Your client’s cyber insurance underwriter or auditor is asking for an ICS-specific pentest. A growing number of underwriters now require an ICS-specific penetration test — not a generic IT pentest with industrial assets in scope — before they will renew or write a policy on a facility with significant OT exposure. Cascadia’s reports are written specifically to satisfy that requirement, with explicit IEC 62443 control mapping.
How the referral works
For MSP partners: introduce the client by email or a quick three-way call. Cascadia handles scoping directly with the client’s operations team. We protect the MSP relationship — Cascadia is positioned as your specialist sister practice, not a competing vendor.

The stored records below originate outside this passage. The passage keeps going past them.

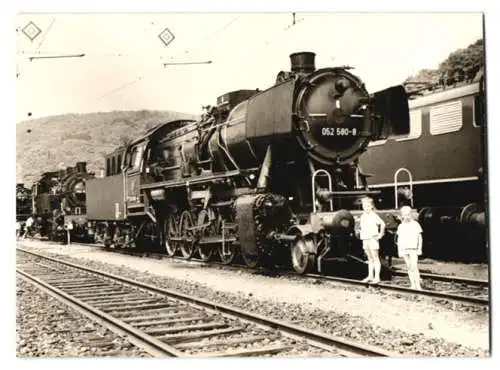 Fotografie E. Czerny, Wetzlar, Ansicht Dillenburg, Deutsche Reichsbahn DDR, Dampflok, Lokomotive Nr. 052 580-8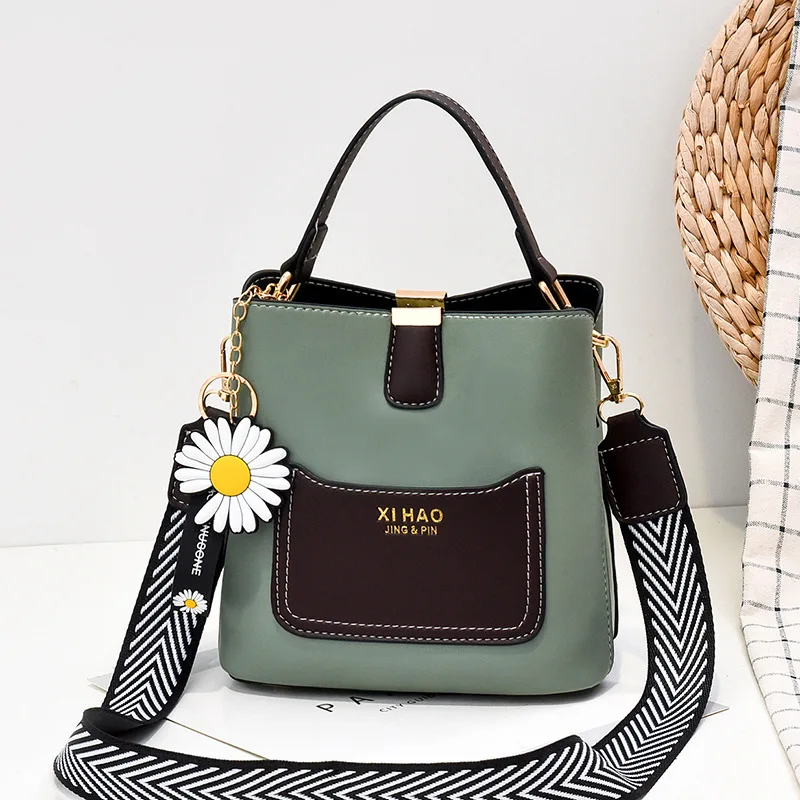 Leisure thick chain fashion candy partysu Fashion stripes mellifluous simple style shoulder bag
Leisure thick chain fashion candy partysu Fashion stripes mellifluous simple style shoulder bag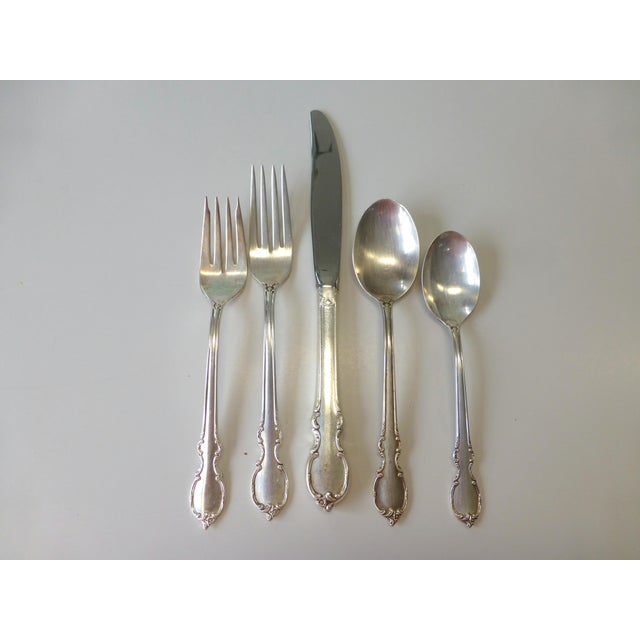 This is a beautiful 1959 vintage 1847 Rogers (International Silver) Flair pattern silver plate flatware set. NO MONOGRAMS....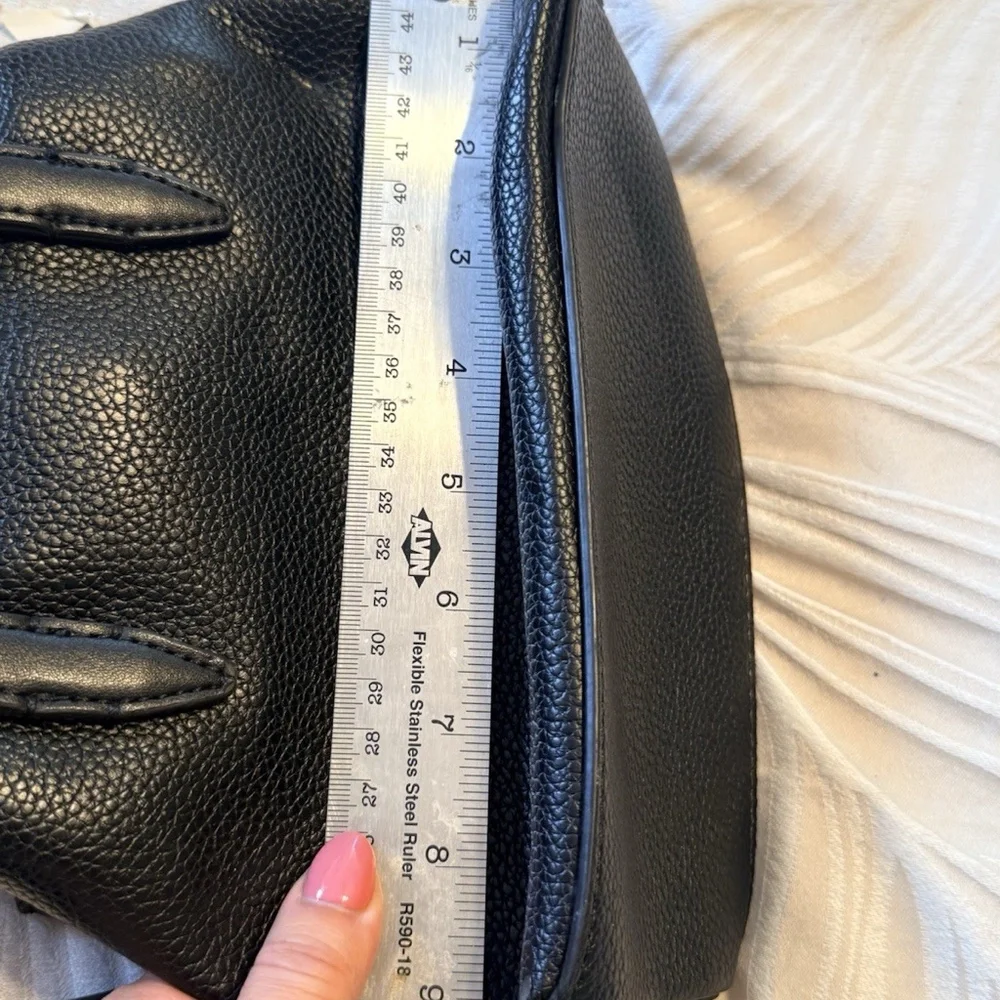 Calvin Klein Millie 2 in 1 Triple Compartment Mini One Size, Black/Silver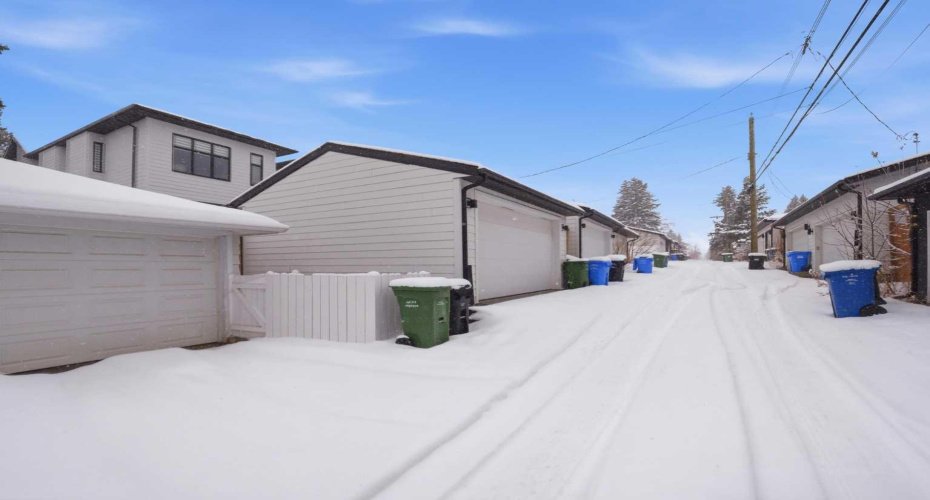 1712 18 Avenue, Calgary, Alberta T2M 0X3, 4 Bedrooms Bedrooms, ,4 BathroomsBathrooms,Residential,For Sale,18,A2303640
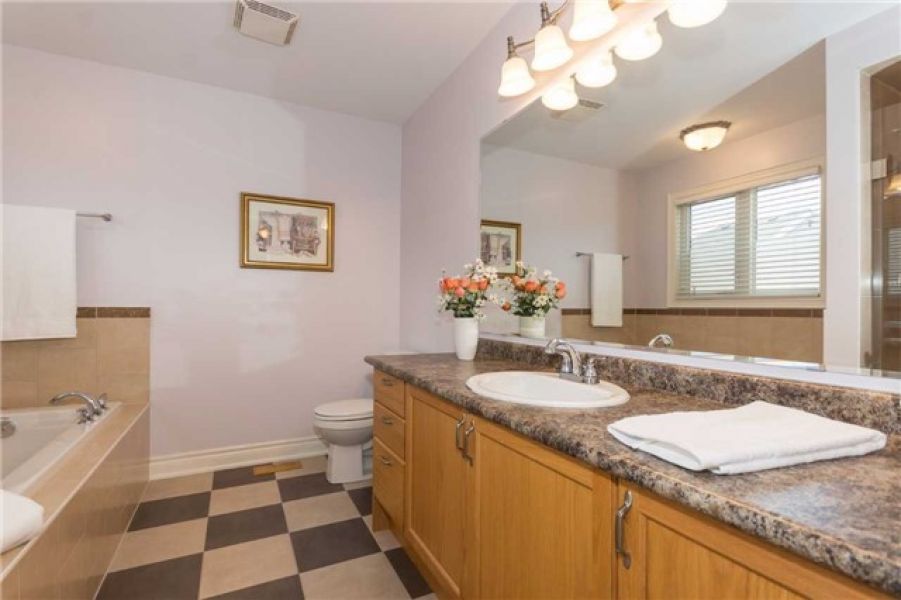 3 Bedroom Freehold Semi-Detached Greenpark Home for Sale in Scott, Milton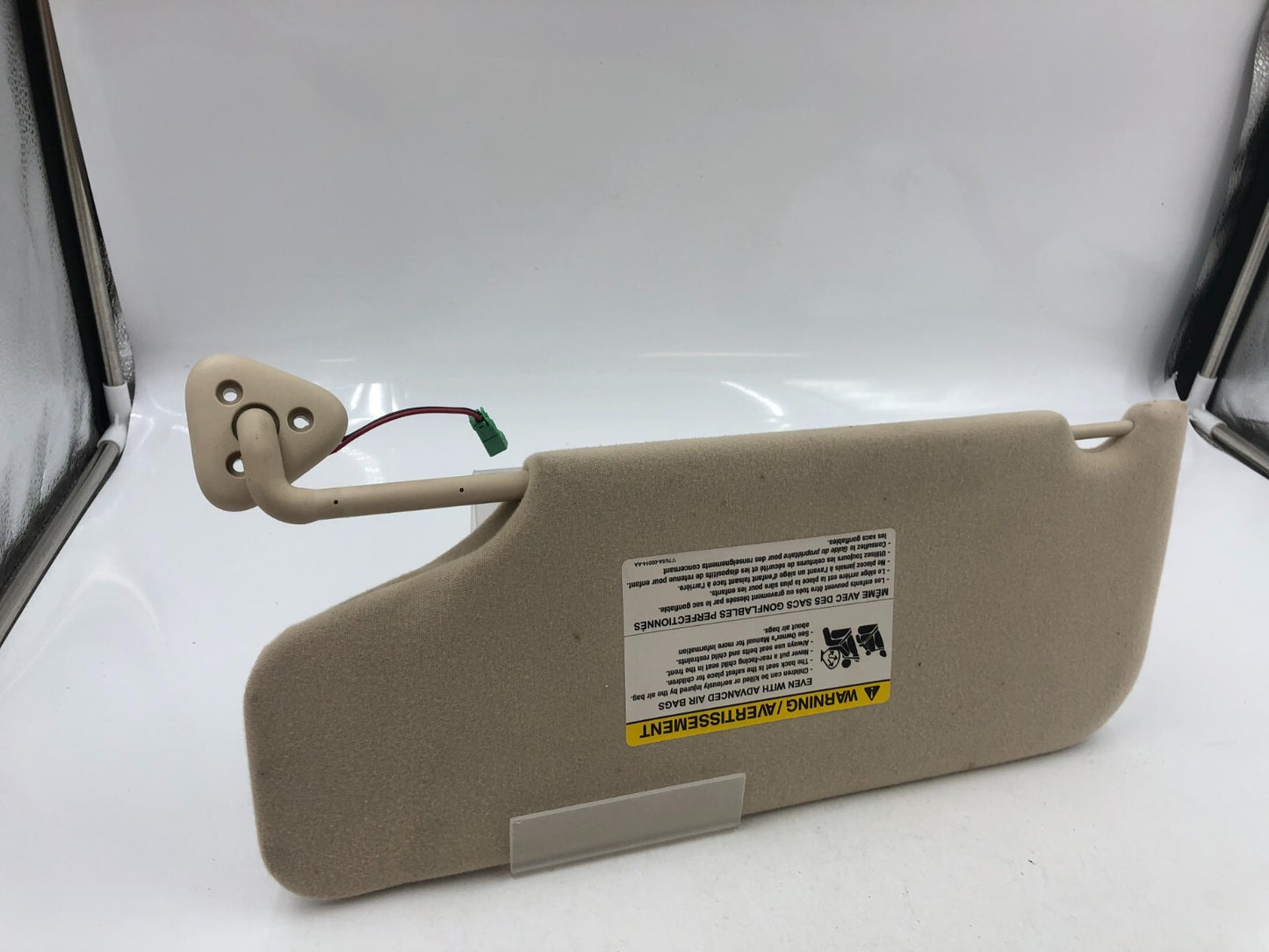 2008-2009 Ford Taurus Passenger Sun Visor Sunvisor Tan Illuminated OEM E01B18033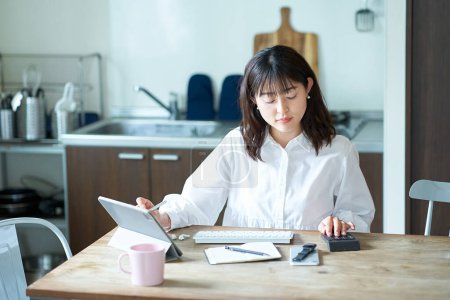 Téléchargez les photos : Asiatique femme de travail dans son chambre - en image libre de droit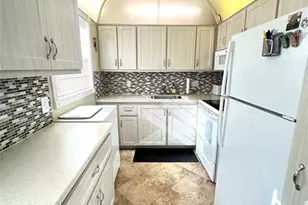 13 Lyndhurst A, Deerfield Beach, FL 33442 - Photo 8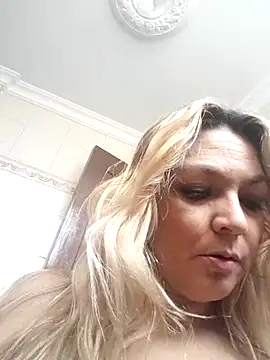 MalorySweet online show from 14, 3, 2025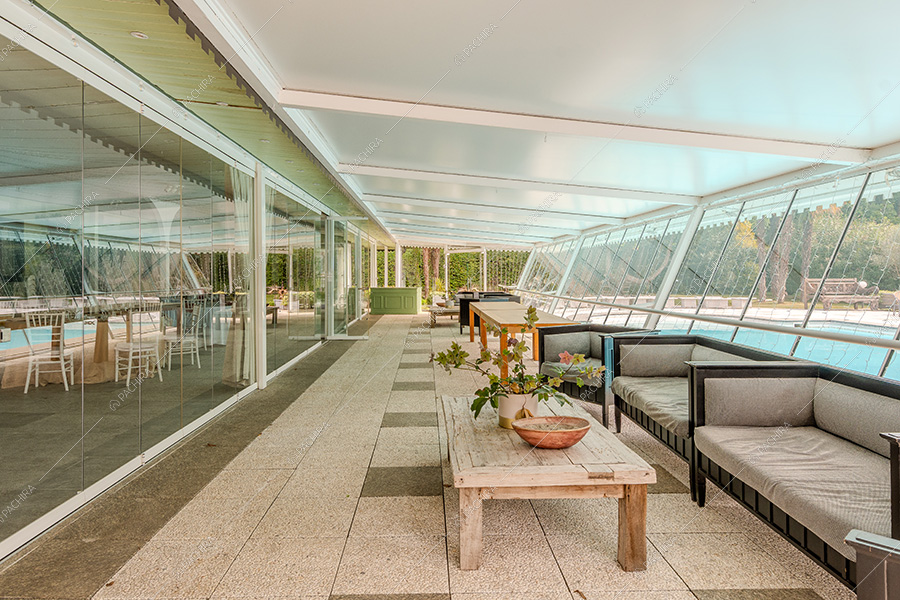 Veranda della villa Lentisco, location in stile classico a Varese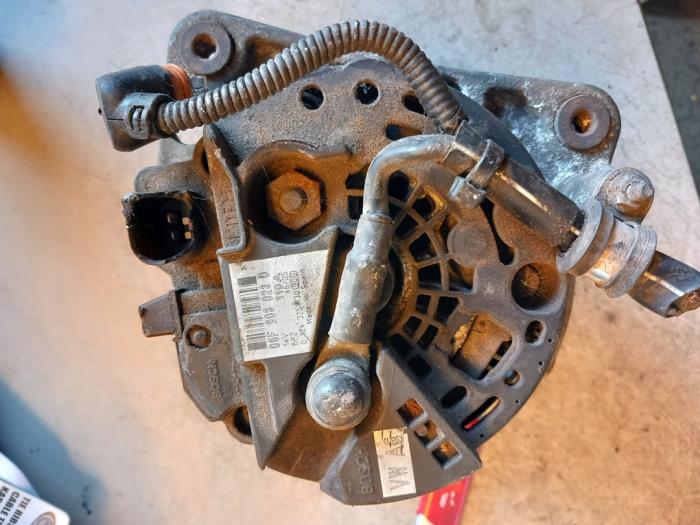 Gebruikte Dynamo Volkswagen Crafter 2.5 TDI 28/30/32/35 LWB Prijs € 90,00 Margeregeling aangeboden door Umit Sloperij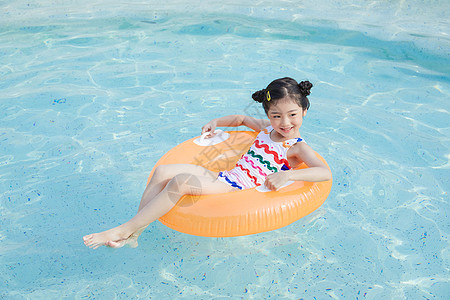 小女孩泳池里开心玩水图片素材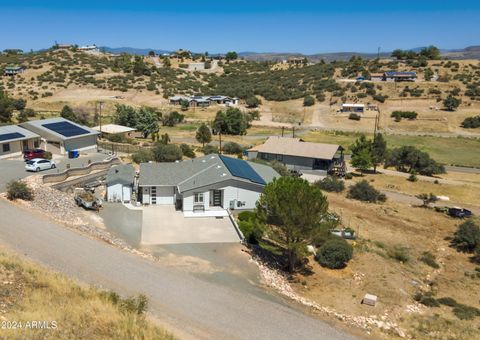 A home in Peeples Valley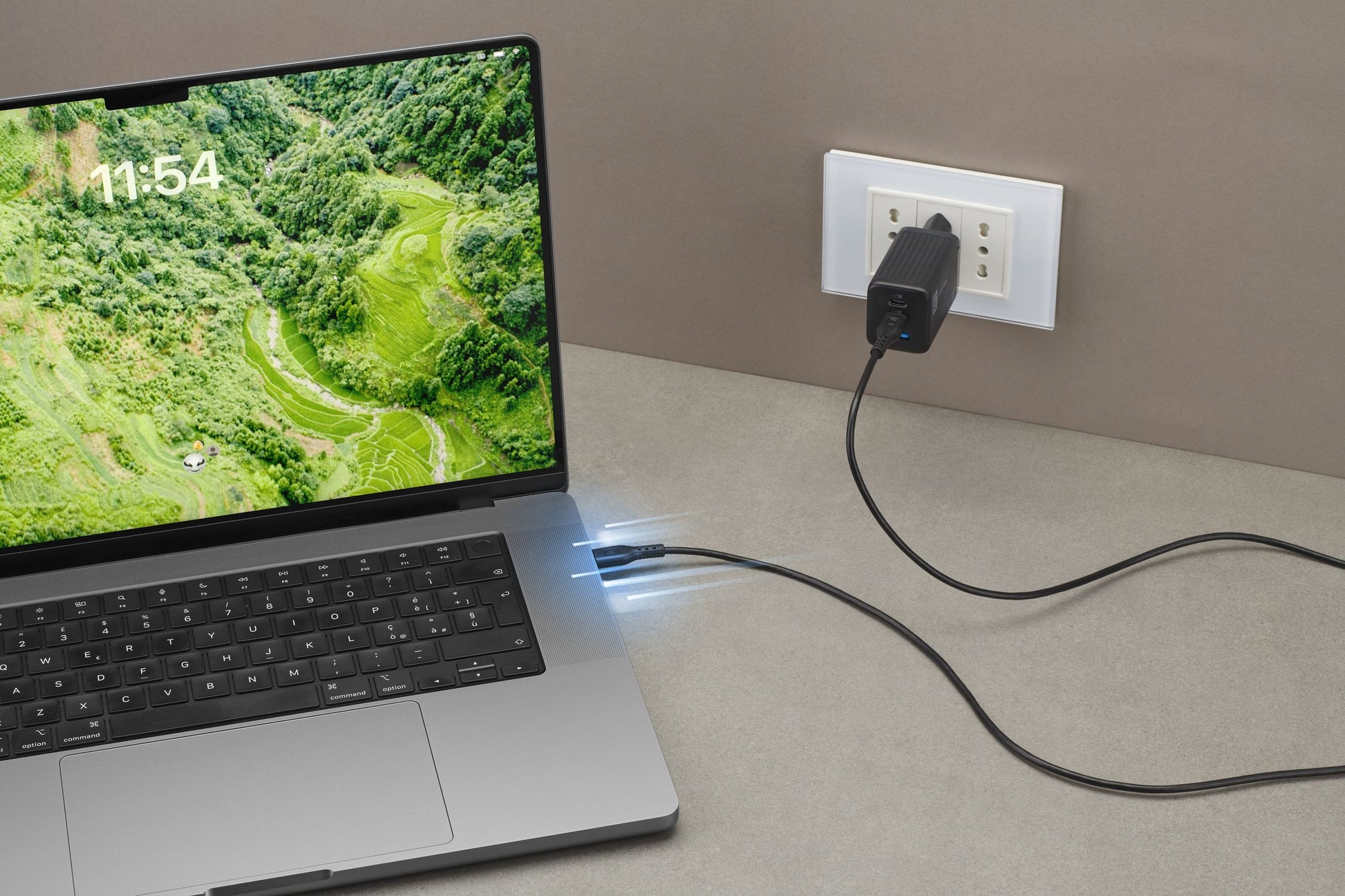 Cellularline USB-C auf USB-C Kabel – 1,2 m – PD 100 W – Schwarz – für Smartphones, Tablets und mehr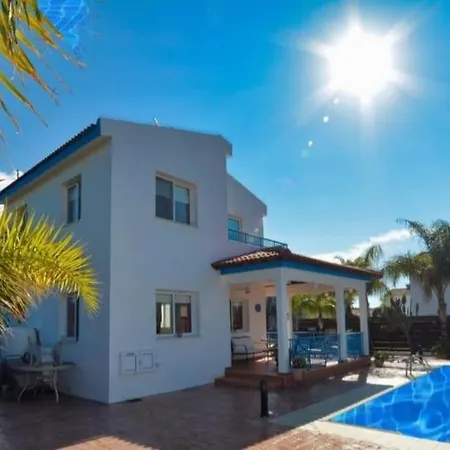 Thaliana House 2 Bedroom Near *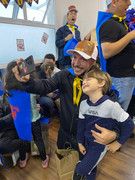 photo_5107345207850019870_y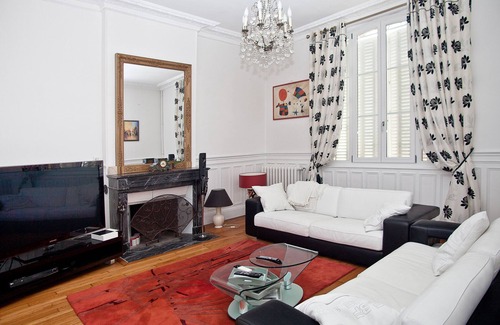Vitry-le-Francois House | Manoir François 1er la violette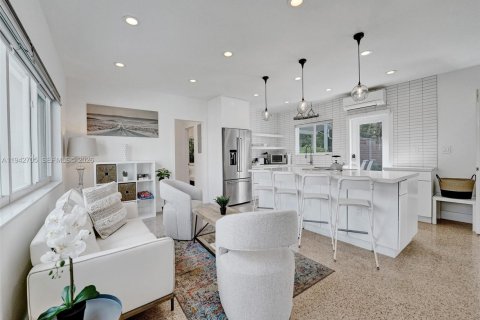 Casa en venta en Fort Lauderdale, Florida, 3 dormitorios, 111.39 m2 № 2000118 - foto 11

For direct clients: contact Cascadia at hello@cascadiaots.com or use the briefing form at cascadiaots.com. The first conversation is a 30-minute scoping discussion with the practice team. No sales engineer in the loop — you talk to the people who will actually run the engagement.
What does not change for MSP Pentesting
MSP Pentesting continues as the channel-only IT pentest practice. Same wholesale pricing, same white-label reporting, same partner program. Cascadia is not absorbing or reshuffling any of that. If your client’s scope is IT — external network, internal network, web app, cloud, Wi-Fi, social engineering — you are still working with us directly through the partner program.
If you have a client whose scope is creeping into OT and you want a quick sanity check on whether Cascadia is the right call, send us a note. We will read the scope and tell you honestly whether it is something Cascadia should handle or whether it can stay in the IT pentest envelope.
Welcome to the family, Cascadia. Now go make the Pacific Northwest’s critical infrastructure measurably harder to attack.